**** EXCERPTED RECORDS

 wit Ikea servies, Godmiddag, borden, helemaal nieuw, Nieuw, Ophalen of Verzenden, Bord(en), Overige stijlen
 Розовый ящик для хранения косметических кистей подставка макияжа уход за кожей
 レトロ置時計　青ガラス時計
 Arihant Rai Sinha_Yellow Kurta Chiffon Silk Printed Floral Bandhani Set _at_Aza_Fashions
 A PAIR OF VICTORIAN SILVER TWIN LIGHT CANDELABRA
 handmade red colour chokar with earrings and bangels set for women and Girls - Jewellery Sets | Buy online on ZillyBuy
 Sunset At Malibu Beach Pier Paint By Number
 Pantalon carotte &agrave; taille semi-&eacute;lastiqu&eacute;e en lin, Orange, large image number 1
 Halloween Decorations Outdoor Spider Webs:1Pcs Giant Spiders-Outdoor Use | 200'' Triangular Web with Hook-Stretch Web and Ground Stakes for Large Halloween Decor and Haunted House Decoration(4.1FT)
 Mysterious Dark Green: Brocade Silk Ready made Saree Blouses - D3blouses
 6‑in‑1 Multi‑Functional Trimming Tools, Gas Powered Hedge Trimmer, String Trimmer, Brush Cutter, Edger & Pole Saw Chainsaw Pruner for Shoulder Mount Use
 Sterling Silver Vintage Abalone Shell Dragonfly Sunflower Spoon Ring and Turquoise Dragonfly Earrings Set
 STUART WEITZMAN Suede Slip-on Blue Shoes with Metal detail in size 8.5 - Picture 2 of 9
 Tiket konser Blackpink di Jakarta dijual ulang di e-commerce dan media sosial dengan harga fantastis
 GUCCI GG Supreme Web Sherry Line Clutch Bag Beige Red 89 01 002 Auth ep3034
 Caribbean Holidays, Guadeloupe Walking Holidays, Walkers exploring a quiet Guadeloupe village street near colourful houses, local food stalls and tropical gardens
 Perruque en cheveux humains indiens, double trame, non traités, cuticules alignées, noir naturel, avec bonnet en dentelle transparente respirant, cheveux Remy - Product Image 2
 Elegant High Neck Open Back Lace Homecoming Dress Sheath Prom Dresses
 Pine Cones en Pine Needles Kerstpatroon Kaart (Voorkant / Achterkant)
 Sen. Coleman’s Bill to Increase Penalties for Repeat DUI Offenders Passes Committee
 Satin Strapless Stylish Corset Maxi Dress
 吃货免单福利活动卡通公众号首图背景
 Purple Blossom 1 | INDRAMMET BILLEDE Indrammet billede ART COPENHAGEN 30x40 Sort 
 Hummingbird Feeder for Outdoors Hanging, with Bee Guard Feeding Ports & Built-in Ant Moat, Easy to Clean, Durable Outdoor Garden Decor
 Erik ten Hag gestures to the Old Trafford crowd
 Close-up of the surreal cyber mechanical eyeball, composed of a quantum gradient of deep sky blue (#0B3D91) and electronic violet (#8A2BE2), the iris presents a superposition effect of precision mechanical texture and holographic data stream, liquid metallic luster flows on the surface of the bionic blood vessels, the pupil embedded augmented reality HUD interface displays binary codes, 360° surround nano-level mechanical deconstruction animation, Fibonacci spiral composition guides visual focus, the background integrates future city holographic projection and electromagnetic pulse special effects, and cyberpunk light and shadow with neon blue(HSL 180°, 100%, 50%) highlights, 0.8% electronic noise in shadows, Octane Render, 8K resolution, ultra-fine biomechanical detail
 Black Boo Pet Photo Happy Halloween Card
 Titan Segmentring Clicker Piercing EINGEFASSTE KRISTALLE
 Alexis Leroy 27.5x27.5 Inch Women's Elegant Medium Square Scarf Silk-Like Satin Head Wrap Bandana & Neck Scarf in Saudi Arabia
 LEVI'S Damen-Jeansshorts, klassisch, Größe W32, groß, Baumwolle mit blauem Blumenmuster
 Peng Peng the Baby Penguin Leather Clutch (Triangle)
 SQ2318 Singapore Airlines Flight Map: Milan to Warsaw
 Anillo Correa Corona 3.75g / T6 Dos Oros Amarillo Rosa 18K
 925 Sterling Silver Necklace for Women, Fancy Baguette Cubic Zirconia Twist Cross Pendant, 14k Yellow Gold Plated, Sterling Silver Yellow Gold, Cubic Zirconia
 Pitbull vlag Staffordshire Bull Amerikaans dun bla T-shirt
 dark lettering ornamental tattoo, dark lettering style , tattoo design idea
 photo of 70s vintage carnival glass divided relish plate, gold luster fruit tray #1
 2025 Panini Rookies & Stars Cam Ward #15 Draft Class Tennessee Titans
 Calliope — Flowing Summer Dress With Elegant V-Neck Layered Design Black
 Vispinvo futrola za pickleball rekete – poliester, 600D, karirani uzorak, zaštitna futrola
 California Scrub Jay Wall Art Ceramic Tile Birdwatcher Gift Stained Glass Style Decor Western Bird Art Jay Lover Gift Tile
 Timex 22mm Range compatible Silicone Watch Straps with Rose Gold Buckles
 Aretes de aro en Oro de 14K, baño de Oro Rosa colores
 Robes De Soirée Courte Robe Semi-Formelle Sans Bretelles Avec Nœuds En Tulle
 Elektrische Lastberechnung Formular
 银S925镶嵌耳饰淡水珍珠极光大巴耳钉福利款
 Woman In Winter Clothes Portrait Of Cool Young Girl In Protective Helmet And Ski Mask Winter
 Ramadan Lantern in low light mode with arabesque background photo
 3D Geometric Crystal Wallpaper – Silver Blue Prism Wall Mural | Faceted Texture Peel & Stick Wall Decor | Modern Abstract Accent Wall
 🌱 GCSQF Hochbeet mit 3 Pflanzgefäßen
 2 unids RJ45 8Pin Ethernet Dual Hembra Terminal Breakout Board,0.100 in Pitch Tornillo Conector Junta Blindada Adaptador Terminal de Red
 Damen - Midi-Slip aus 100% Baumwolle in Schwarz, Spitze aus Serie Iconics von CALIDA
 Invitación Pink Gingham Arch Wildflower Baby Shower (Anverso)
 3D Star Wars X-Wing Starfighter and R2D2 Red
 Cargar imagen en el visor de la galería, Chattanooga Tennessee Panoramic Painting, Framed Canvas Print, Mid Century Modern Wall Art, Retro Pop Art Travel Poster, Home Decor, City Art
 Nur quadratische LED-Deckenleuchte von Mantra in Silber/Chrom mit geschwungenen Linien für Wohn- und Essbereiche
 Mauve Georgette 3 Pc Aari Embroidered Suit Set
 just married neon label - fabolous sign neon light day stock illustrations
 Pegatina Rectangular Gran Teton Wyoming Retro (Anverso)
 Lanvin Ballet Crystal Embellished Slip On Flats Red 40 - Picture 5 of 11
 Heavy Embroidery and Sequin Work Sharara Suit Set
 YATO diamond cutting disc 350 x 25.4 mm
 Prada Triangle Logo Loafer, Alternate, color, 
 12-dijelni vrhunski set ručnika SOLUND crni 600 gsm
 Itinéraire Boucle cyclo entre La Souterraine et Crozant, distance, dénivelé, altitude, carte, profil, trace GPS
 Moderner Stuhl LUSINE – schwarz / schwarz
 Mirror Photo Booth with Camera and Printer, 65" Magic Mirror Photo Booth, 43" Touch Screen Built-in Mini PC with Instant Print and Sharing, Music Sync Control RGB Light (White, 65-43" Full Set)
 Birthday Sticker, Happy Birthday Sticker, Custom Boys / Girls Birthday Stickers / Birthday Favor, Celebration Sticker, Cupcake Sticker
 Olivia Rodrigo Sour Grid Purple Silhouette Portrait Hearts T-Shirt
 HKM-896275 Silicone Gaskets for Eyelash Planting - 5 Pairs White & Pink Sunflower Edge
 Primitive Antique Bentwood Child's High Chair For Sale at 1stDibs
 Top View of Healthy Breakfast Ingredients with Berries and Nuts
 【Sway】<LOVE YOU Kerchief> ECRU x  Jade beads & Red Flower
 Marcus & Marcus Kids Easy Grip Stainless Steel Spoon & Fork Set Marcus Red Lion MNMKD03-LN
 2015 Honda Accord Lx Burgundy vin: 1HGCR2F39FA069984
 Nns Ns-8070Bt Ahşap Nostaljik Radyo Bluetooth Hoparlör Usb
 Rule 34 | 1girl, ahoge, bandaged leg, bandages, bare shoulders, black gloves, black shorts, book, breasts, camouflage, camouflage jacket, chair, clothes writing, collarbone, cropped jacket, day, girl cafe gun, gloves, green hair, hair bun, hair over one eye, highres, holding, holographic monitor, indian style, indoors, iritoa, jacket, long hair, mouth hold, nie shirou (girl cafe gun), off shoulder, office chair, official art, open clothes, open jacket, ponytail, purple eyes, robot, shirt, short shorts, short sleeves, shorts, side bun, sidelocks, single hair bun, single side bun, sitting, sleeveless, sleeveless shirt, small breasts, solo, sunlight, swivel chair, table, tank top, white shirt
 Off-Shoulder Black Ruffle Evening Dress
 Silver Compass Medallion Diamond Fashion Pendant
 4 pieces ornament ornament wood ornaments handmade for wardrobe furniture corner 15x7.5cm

********

* **WHAT THE TASK ASKS**
Beginning with the top line of the data above, output every line exactly until the one that contains "6‑in‑1 Multi‑Functional Trimming", and include that one too.

* **RESPONSE BELOW**
 wit Ikea servies, Godmiddag, borden, helemaal nieuw, Nieuw, Ophalen of Verzenden, Bord(en), Overige stijlen
 Розовый ящик для хранения косметических кистей подставка макияжа уход за кожей
 レトロ置時計　青ガラス時計
 Arihant Rai Sinha_Yellow Kurta Chiffon Silk Printed Floral Bandhani Set _at_Aza_Fashions
 A PAIR OF VICTORIAN SILVER TWIN LIGHT CANDELABRA
 handmade red colour chokar with earrings and bangels set for women and Girls - Jewellery Sets | Buy online on ZillyBuy
 Sunset At Malibu Beach Pier Paint By Number
 Pantalon carotte &agrave; taille semi-&eacute;lastiqu&eacute;e en lin, Orange, large image number 1
 Halloween Decorations Outdoor Spider Webs:1Pcs Giant Spiders-Outdoor Use | 200'' Triangular Web with Hook-Stretch Web and Ground Stakes for Large Halloween Decor and Haunted House Decoration(4.1FT)
 Mysterious Dark Green: Brocade Silk Ready made Saree Blouses - D3blouses
 6‑in‑1 Multi‑Functional Trimming Tools, Gas Powered Hedge Trimmer, String Trimmer, Brush Cutter, Edger & Pole Saw Chainsaw Pruner for Shoulder Mount Use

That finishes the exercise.